Sí que es cierto que las críticas del día siguiente fueron positivas. Pero lo fueron por motivos equivocados. Se hablaba del mérito de la obra de un primerizo de casi setenta años —otra vez— y se comentaba la originalidad y novedad de la sinfonía.

Es decir, como no habían entendido el contenido de esta originalidad se limitaban a constatarla.

A Roca le encantó. Siguió hablando de la buena publicidad e incluso se comprometió a poner la obra en escena una semana más, aparte de la ya firmada por contrato.

La noticia le gustó a mi abuelo, ya que era él y no yo quien cobraba los cuatro duros que Roca se dignaba a pagarnos.

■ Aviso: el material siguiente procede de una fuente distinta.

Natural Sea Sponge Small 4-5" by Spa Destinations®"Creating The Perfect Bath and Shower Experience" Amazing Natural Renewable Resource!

Por supuesto, los periódicos también recogían las que llamaban “las ya famosas excentricidades de Lozano”. Y es que el muy imbécil salió a escena sin zapatos. Y se había afeitado la cabeza. Ya era calvo y el estropicio no había sido exagerado. Incluso en un primer momento me gustó, ya que eso acercaba su cara de viejo a la de un niño. Me gustó, sí, pero sólo hasta que el cretino explicó que había sido un accidente.

—Esta mañana —dijo—me estaba afeitando como cada día, escuchando la radio y, no sé cómo, me despisté y cuando me quise dar cuenta me había afeitado toda la cabeza y media ceja izquierda. Ya puestos, acabé el trabajo.

Al oírle explicar aquello, me dio tanta rabia que me saltaron las lágrimas. Pero no quería que aquel hombre con unas natillas en lugar de cerebro notara que su grave deficiencia mental me exasperaba, así que me puse las gafas de sol, a pesar de que estábamos en un relativamente oscuro pasillo del auditorio.

Lo que no podía era disimular el temblor de labios.

Arg.

Estúpido.

Y ese viejo chocho dirigía mi obra.

Era horrible lo que le estaba haciendo.

Tenía ganas de matarle.

Pero no serviría de mucho: seguro que Roca contrataría a otro inepto, en lugar de dejar que yo me hiciera cargo de todo.

Noté un sabor metálico y amargo en la boca.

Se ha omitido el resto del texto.